The CBO criticized current federal public works policy for overemphasizing construction of new facilities, for channeling dollars to projects of local interest but low national priority, and for encouraging states and localities to neglect needed repair and replacement of existing facilities. Most essential public works systems are already in place, and emphasis in federal spending should now shift from new construction to repair. The federal government also needs to find a better way to expend its resources on truly national concerns while giving states and localities more flexibility in addressing their widely varying public works needs.

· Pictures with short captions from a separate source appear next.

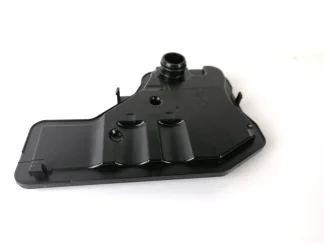 WALANDA TRANSMISSION FILTER/ F-612K/ APPLICABLE FOR TOYOTA RUSH 2015-2021 2NRVE. OEM: 35303-B1010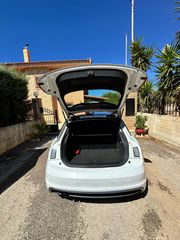 Audi A1 2014 S Line-thumb-12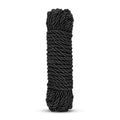 Kinbaku Bondage Rope Cotton 5m - Durable, smooth cotton rope for bondage and tie-up play.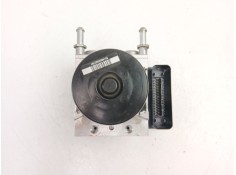 Recambio de abs para mitsubishi asx (ga_w_) 1.8 di-d (ga6w) referencia OEM IAM 4670A298   2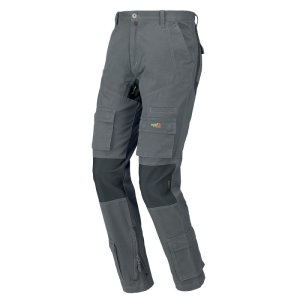 pantalone-stretch-8738-trousers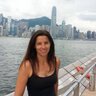 CarrieTaylorNZ's profile picture. Technology Consultant. Happiest when she's on or in H2O. Loves life, family, work and United.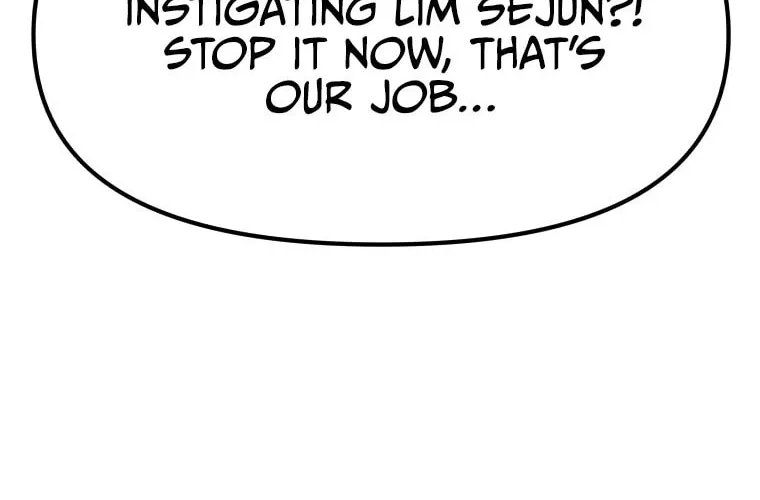 Guard Pass Chapter 63 page 45 - 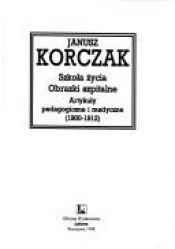 book cover of Sława by Януш Корчак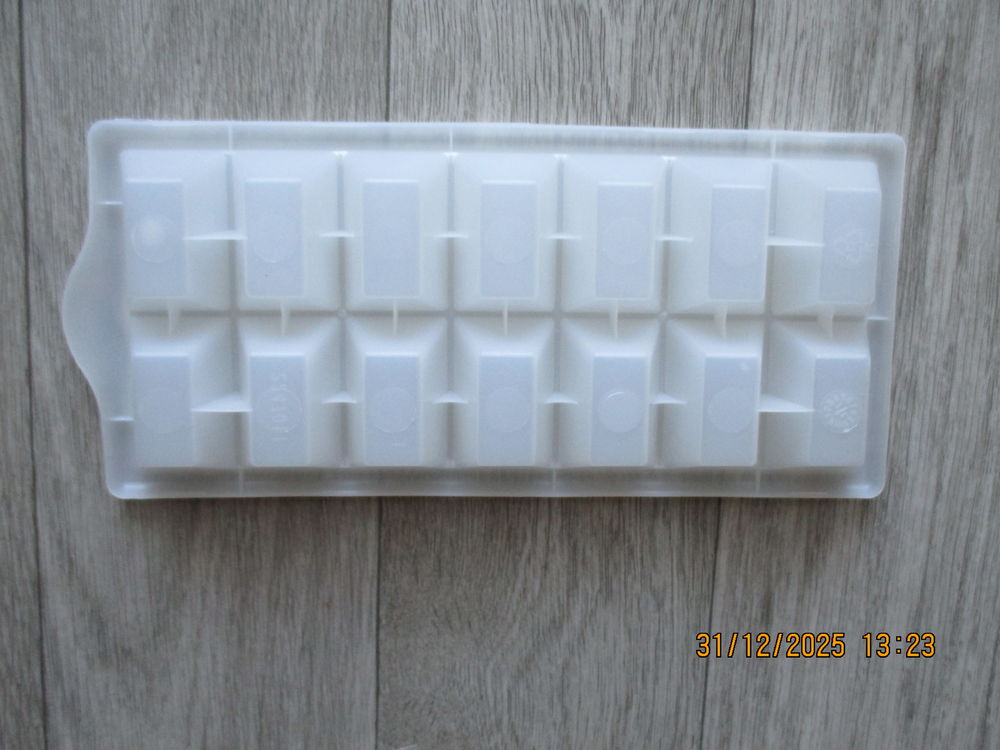 Bac &agrave; gla&ccedil;on Electrom�nager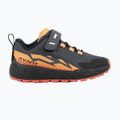 Vaikiški batai Primigi PIM GTX 24190 ferro 2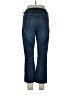 Old Navy Blue Jeans Size 10 - photo 2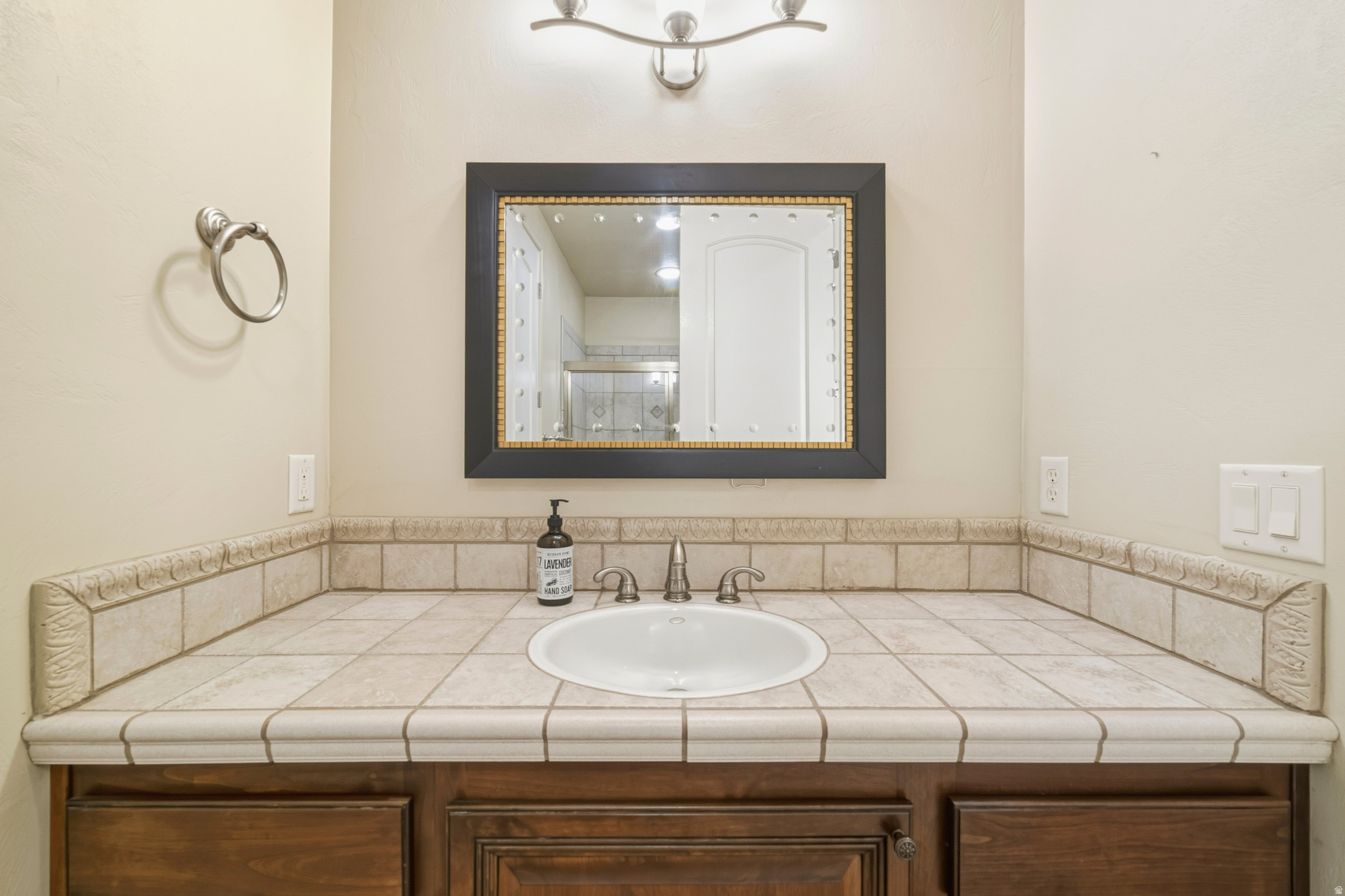 BELLSERA TH AT SUNBROOK 1 - Residential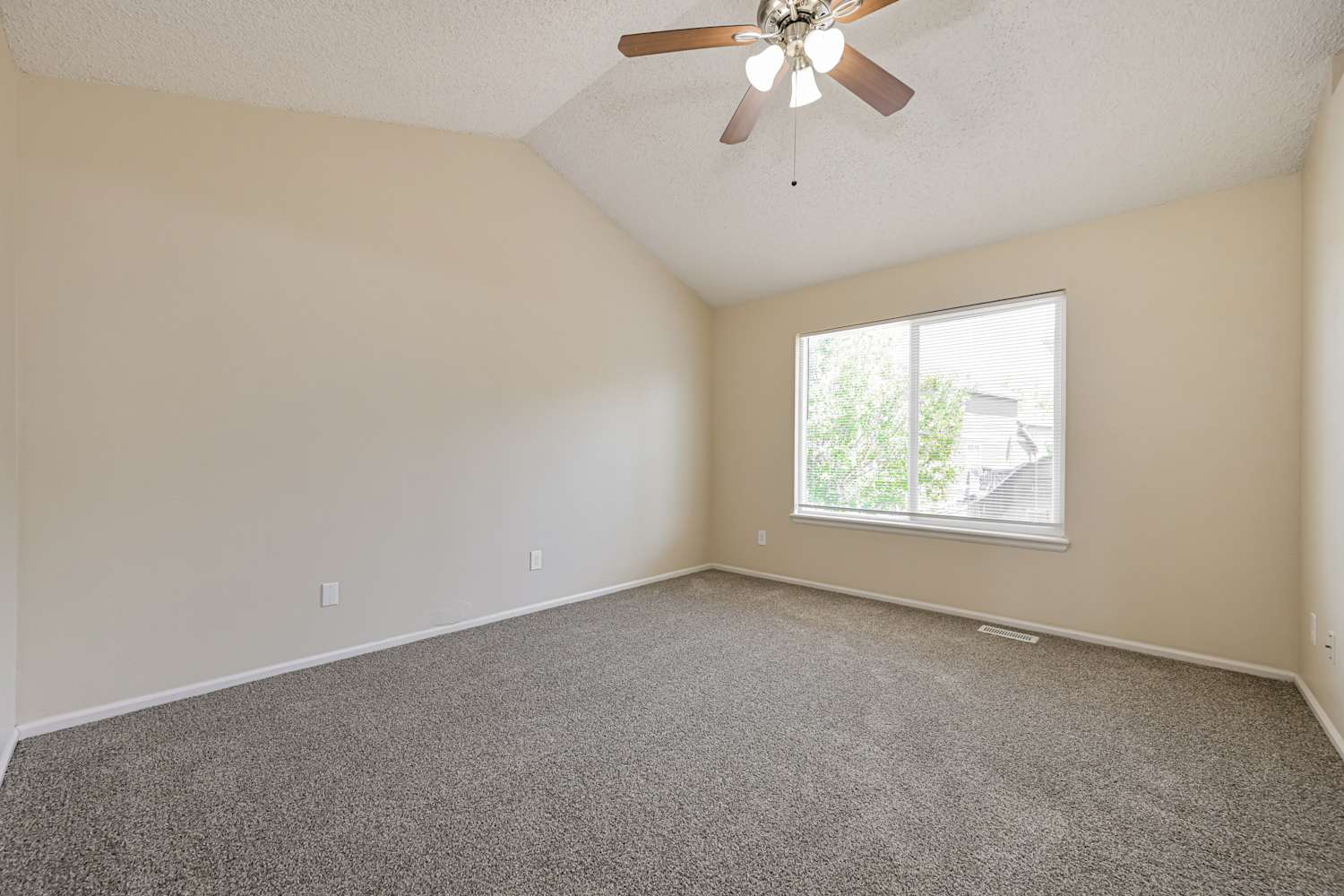 9636 Lameria Dr Highlands Ranch photo 12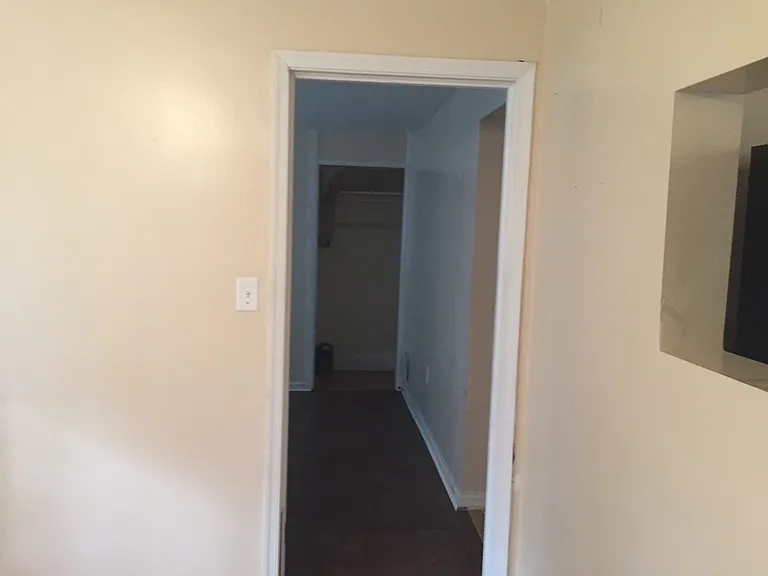 51 Redwood Lodge — Photo 6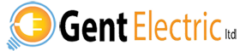 GentElectric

To get Congress to plan public works expenditures more sensibly, Reps. Bill Clinger and Bob Edgar have been pushing the idea of requiring the administration to prepare an inventory of the nation's capital assets and to make annual assessments of the most-needed improvements and repairs. The administration wisely opposes the idea of a separate "capital budget," on the ground that this would be an invitation to run up still larger federal deficits. But it has warmed somewhat to the idea of compelling Congress to consider the long-term implications of its public works spending decisions.

All this sensible advice, however, is likely to fall on deaf ears in Congress. As long as congressmen judge their worth to their constituents by the imposing public works they cause to be constructed in their districts--never mind the future cost of maintaining them--the poor old infrastructure is likely to keep crumbling while the repair bills steadily mount.